Recent

Author Topic: Checking Speed of SynEdit Highlighters  (Read 105272 times)

howardpc

  • Hero Member
  • *****
  • Posts: 4144
Re: Checking Speed of SynEdit Highlighters
« Reply #105 on: October 30, 2013, 01:24:01 pm »
Would you point me to more details? e.g. The documentation. The doc is fpc? So best to discuss on the fpc-mail list?
I've already pointed it out to Michael van Canneyt.
See the two lists in the FPLanguageRef.pdf at sections 1.3.1 and 1.3.3 where 'on' is duplicated.

Quote
Does it? "@" is an operator.

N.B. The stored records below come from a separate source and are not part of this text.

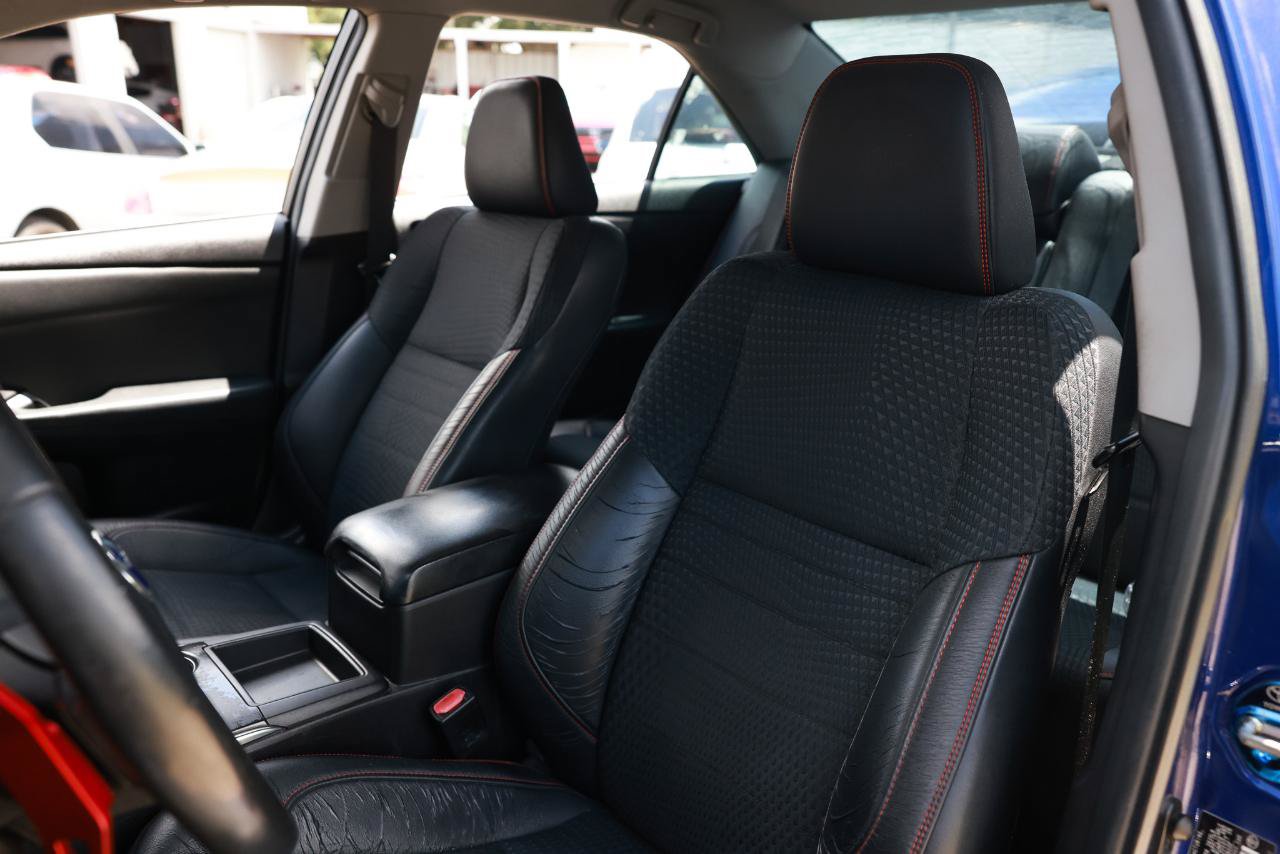 Used 2015 Toyota Camry SE FWD image 6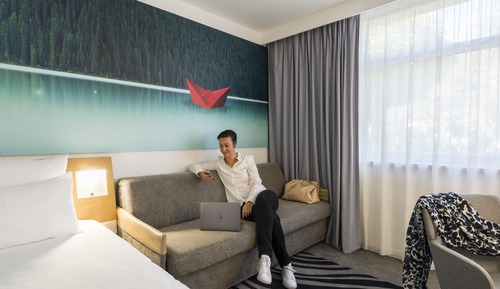 Chambre Classique, 1 lit Double 1 Canape lit 2 Places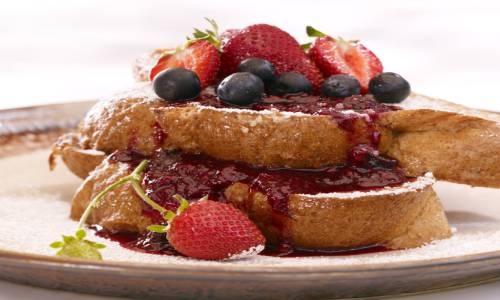 Chef Wolfgang Puck’s healthy version of a classic favourite Buttermilk French Toast with Berry Compote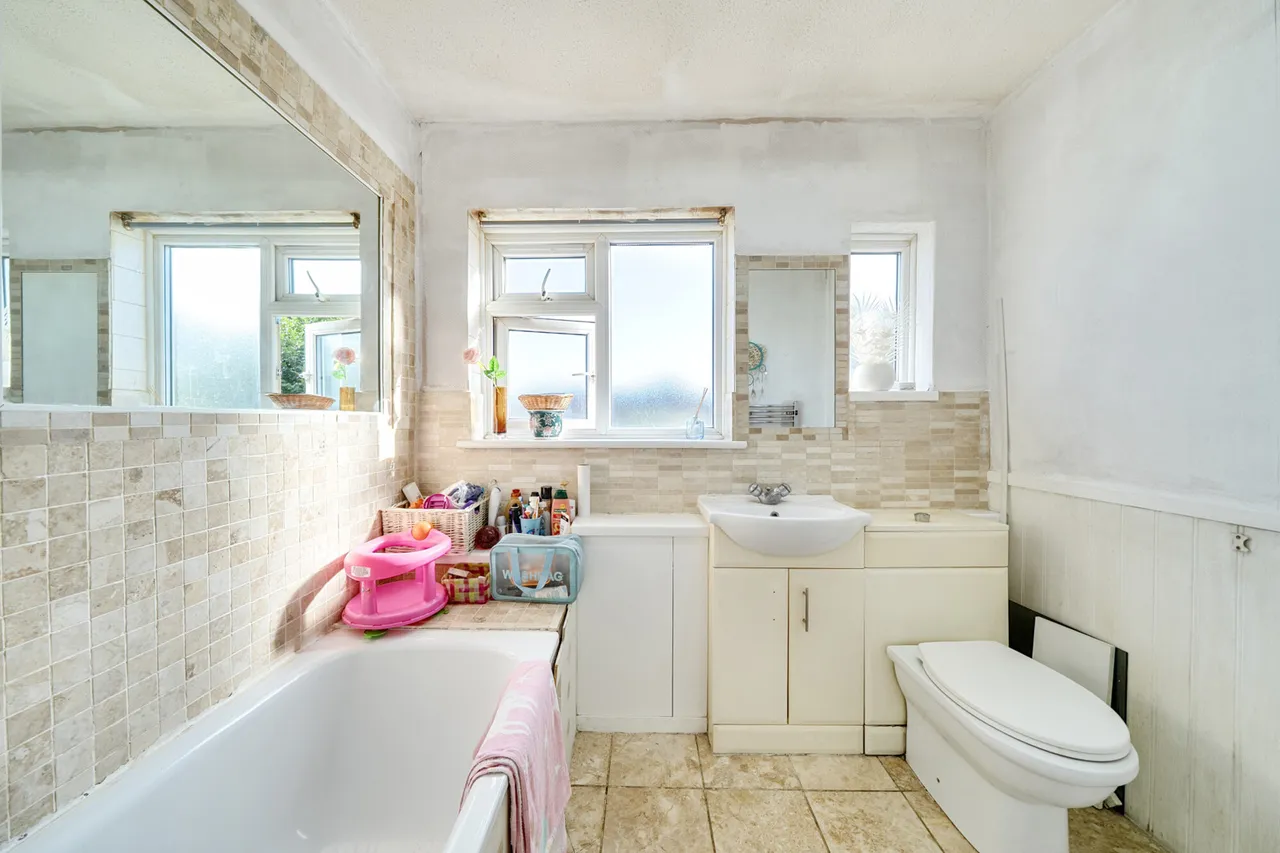 Victoria Road, Ruislip, HA4, photo 9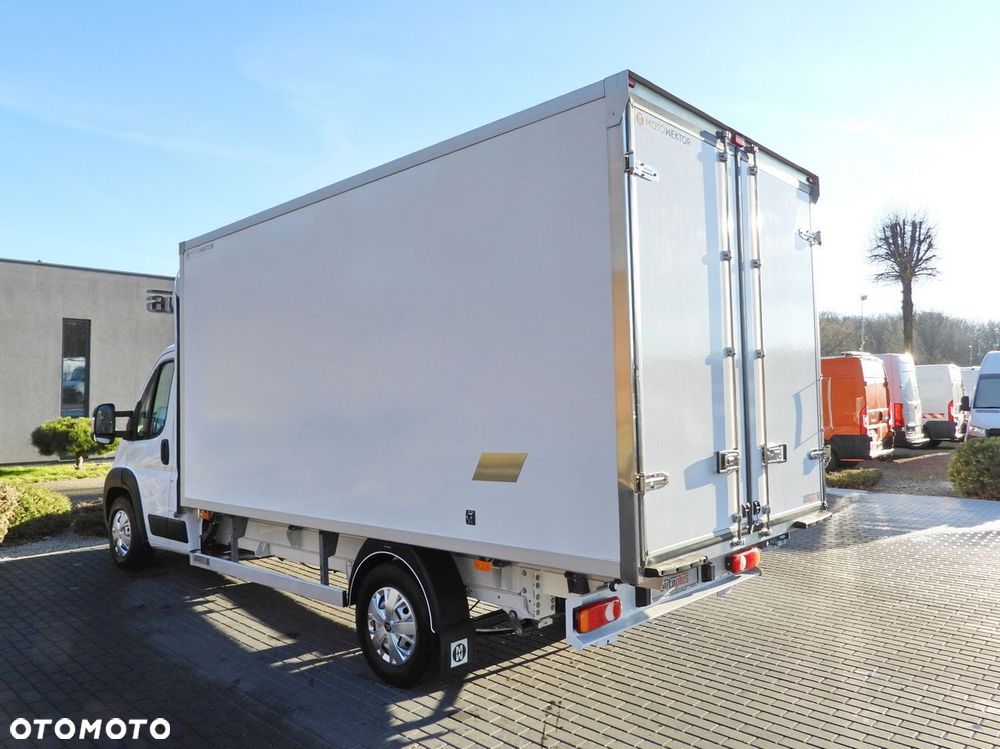 Peugeot BOXER CHŁODNIA KONTENER 0*C 8 PALET TEMPOMAT LEDY KLIMATYZACJA  165KM - 11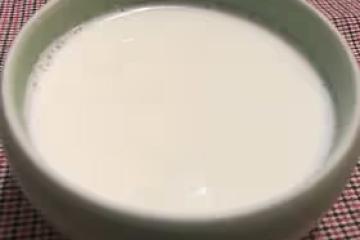 幼滑蛋白杏仁茶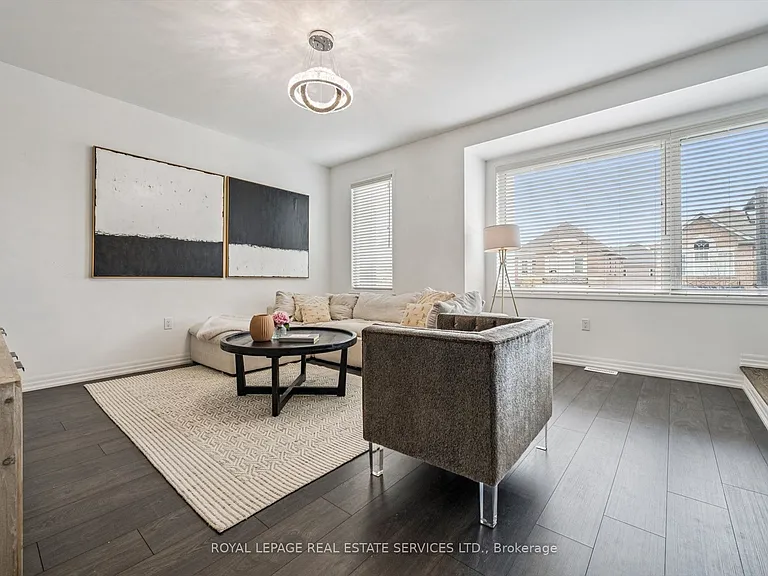 78 Huguenot Rd — Photo 18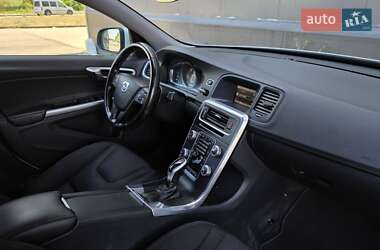 Седан Volvo S60 2015 в 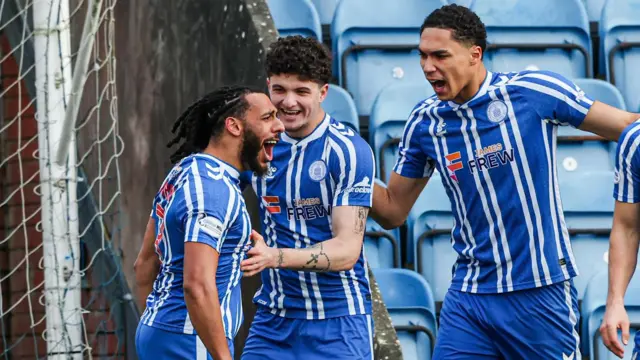 Kilmarnock players celebrate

It can appear in front of an identifier. (With or without a space: OnClick := @   Foo; )
However the "&" is not yet handled
My mistake. As you surmised I meant '&' not '@'. I never use this facility and remembered the wrong prefix character.

Martin_fr

  • Administrator
  • Hero Member
  • *
  • Posts: 9857
  • Debugger - SynEdit - and more
    • wiki
Re: Checking Speed of SynEdit Highlighters
« Reply #106 on: October 30, 2013, 01:53:55 pm »
*r43342 SynEdit: Pas HighLighter, recognize new &keyword for identifier style

Edson

  • Hero Member
  • *****
  • Posts: 1302
Re: Checking Speed of SynEdit Highlighters
« Reply #107 on: October 30, 2013, 04:47:48 pm »
Quote
the current hash, has an implementation flaw

By now, we agree this, but we can use the current hash highlighter like a base, for evaluate our algorithms. It's supposed, we must be faster at the same conditions.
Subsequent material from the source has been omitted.